__EXERCISE INSTRUCTIONS__. Your answer should be the exact lines of the data below from the one containing "Building Photo - Charming" through the one containing "ALMOST FAMOUS sweater - Picture 6 of 8"; please include nothing else.
****************************************
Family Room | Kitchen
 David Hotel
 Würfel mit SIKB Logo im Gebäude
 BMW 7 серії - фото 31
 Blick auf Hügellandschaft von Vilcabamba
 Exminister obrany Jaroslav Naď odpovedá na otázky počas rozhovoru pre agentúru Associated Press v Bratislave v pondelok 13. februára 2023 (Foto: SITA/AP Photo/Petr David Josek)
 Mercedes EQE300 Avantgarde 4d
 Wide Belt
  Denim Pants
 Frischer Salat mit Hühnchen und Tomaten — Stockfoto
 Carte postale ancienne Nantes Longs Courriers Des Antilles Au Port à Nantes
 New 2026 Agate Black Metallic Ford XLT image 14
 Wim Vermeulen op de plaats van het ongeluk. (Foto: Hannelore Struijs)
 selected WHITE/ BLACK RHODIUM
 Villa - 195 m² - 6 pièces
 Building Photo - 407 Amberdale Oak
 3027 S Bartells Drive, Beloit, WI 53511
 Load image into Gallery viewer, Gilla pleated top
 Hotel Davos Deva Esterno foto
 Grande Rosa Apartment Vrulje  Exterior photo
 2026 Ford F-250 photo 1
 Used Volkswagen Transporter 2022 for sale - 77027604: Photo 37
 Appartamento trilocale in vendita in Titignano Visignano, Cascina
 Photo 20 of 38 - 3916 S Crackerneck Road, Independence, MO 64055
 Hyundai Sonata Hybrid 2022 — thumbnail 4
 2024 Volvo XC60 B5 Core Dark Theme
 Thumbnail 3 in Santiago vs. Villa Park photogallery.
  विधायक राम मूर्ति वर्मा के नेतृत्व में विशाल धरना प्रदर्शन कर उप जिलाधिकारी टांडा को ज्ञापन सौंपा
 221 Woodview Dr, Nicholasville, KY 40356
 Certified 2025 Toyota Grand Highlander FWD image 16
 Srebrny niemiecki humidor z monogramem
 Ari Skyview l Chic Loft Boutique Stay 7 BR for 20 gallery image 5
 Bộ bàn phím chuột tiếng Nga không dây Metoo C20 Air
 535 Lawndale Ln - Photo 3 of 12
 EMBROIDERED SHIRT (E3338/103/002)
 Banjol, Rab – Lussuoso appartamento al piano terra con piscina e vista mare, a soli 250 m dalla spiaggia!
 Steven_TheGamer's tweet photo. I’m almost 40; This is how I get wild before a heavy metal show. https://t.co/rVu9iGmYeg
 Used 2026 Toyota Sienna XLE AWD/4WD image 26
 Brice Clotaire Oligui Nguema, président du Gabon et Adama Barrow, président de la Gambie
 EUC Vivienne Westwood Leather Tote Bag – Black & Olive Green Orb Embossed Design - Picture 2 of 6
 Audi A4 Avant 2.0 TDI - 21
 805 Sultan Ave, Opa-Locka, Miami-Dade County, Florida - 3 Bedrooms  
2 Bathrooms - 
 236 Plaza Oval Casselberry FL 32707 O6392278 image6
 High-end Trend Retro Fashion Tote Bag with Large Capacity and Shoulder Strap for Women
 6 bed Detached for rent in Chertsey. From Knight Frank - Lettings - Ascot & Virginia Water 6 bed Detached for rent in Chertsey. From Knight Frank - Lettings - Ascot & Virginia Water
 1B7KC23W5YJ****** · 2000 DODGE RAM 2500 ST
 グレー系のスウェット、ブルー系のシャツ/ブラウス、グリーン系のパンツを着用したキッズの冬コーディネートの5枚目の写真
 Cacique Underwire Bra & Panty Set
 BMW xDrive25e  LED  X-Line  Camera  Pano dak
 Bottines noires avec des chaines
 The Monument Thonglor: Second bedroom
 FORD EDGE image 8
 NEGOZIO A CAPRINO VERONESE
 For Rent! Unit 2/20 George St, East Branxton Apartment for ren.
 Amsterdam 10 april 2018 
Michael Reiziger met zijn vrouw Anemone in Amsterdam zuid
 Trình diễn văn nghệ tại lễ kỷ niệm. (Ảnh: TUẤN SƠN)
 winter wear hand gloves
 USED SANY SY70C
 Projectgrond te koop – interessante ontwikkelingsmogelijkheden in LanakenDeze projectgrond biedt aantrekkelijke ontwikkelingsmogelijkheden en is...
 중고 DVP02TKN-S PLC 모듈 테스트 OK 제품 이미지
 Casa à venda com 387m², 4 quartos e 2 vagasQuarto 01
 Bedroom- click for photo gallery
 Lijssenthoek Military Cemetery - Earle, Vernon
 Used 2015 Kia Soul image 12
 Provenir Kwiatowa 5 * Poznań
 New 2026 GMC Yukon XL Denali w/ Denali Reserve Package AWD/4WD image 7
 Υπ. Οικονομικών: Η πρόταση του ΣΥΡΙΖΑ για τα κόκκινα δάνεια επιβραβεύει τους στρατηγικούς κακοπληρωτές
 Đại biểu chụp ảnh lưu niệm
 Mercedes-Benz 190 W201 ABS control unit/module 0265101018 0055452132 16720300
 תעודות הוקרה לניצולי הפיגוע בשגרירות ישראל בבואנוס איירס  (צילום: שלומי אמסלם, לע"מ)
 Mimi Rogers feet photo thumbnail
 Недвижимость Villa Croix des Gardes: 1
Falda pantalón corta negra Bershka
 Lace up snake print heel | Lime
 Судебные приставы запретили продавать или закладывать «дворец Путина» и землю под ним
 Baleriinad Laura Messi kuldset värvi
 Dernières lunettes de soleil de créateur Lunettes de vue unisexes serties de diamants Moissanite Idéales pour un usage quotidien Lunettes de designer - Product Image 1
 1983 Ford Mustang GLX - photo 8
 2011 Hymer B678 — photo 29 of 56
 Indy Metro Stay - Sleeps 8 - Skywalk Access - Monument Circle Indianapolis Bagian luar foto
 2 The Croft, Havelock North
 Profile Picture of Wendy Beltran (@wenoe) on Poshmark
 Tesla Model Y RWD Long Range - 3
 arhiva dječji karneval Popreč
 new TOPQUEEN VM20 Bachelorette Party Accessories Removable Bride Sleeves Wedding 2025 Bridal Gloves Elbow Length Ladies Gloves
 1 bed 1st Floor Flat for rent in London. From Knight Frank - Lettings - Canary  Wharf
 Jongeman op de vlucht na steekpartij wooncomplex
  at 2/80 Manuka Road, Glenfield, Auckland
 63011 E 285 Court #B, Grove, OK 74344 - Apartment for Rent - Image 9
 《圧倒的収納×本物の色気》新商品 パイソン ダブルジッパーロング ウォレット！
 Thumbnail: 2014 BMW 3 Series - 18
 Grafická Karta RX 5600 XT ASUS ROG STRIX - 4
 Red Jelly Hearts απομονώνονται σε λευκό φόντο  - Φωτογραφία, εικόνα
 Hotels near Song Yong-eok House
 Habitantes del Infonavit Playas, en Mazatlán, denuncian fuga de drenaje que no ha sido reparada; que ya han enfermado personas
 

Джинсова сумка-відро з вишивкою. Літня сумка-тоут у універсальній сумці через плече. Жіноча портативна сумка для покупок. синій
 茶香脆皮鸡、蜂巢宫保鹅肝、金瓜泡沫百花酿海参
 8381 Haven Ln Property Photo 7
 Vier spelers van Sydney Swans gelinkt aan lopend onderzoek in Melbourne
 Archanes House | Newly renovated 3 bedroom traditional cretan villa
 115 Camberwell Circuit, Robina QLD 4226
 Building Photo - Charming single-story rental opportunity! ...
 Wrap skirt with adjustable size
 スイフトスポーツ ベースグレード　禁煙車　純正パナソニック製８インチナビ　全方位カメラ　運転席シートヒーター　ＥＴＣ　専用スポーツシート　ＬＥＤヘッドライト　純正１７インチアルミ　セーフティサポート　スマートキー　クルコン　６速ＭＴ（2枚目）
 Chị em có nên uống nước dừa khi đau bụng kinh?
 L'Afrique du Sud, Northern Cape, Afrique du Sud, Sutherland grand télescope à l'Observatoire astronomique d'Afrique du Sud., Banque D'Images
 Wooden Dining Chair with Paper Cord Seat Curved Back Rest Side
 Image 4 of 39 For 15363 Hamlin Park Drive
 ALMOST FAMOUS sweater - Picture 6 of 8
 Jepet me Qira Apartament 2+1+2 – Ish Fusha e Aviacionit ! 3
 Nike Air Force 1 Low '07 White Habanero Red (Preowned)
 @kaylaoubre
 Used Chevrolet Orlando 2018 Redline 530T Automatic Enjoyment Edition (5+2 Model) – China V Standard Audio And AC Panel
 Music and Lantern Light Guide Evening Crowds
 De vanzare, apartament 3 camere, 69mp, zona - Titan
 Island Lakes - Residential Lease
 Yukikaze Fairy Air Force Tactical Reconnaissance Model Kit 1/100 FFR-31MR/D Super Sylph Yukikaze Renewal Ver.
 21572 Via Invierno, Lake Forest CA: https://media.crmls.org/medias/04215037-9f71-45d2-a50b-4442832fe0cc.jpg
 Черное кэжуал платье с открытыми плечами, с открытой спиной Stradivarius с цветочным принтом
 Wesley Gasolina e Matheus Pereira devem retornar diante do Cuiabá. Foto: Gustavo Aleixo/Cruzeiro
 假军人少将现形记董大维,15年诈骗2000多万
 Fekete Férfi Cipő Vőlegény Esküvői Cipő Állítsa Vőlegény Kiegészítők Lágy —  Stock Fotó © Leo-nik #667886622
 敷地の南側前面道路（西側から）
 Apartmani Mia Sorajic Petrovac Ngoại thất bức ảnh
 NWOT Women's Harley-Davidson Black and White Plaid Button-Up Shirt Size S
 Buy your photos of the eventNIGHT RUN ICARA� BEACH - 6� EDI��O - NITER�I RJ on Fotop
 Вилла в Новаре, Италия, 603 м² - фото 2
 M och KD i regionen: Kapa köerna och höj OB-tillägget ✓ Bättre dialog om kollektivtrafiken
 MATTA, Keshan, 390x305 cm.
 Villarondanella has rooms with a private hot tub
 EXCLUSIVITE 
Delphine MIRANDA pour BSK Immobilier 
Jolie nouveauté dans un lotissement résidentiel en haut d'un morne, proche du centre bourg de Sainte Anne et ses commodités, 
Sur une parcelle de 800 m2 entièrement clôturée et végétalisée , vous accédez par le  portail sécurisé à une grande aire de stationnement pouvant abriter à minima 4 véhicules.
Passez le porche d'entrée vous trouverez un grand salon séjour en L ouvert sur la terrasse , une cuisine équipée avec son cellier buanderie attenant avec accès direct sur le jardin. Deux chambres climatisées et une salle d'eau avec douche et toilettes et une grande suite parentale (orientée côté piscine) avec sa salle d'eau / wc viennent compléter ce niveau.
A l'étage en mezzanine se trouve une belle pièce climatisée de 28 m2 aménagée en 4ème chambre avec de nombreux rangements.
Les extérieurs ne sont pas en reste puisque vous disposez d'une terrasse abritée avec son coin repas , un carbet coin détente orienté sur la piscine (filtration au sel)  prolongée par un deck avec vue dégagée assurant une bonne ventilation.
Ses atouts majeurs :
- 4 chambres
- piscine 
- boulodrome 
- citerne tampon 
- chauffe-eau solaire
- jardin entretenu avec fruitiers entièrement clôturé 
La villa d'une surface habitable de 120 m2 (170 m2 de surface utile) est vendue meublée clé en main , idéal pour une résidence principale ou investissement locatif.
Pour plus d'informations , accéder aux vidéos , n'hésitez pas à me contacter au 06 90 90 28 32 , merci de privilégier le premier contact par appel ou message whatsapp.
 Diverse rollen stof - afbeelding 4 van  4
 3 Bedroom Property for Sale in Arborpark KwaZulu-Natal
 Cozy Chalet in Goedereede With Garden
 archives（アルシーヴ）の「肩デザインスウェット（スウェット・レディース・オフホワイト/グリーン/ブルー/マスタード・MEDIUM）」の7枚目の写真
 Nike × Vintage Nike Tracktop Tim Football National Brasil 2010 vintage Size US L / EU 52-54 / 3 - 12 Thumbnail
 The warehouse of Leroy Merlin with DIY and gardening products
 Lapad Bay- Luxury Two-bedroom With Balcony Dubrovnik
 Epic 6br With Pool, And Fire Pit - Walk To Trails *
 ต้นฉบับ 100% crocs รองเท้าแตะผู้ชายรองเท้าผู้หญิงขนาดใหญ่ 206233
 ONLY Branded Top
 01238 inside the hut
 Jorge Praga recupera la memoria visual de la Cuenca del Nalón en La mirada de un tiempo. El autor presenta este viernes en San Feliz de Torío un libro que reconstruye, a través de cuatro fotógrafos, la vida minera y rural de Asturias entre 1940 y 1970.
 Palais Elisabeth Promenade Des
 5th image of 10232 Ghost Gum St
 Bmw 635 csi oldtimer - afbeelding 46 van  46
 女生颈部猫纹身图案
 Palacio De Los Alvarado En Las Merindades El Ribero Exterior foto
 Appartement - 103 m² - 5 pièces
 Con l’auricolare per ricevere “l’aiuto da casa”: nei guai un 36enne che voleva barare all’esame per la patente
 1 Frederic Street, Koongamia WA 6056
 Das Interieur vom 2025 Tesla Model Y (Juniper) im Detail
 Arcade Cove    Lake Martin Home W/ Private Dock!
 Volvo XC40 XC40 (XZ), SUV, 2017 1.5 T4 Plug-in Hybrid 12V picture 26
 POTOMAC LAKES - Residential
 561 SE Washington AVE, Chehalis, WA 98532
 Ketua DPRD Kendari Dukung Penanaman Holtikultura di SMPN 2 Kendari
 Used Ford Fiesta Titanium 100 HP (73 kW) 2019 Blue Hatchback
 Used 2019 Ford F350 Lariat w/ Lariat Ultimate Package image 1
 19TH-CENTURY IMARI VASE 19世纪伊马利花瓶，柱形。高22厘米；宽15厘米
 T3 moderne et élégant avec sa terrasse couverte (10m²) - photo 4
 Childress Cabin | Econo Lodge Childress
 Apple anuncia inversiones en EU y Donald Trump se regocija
****************************************
__OUTPUT OF THE EXERCISE__.
 Building Photo - Charming single-story rental opportunity! ...
 Wrap skirt with adjustable size
 スイフトスポーツ ベースグレード　禁煙車　純正パナソニック製８インチナビ　全方位カメラ　運転席シートヒーター　ＥＴＣ　専用スポーツシート　ＬＥＤヘッドライト　純正１７インチアルミ　セーフティサポート　スマートキー　クルコン　６速ＭＴ（2枚目）
 Chị em có nên uống nước dừa khi đau bụng kinh?
 L'Afrique du Sud, Northern Cape, Afrique du Sud, Sutherland grand télescope à l'Observatoire astronomique d'Afrique du Sud., Banque D'Images
 Wooden Dining Chair with Paper Cord Seat Curved Back Rest Side
 Image 4 of 39 For 15363 Hamlin Park Drive
 ALMOST FAMOUS sweater - Picture 6 of 8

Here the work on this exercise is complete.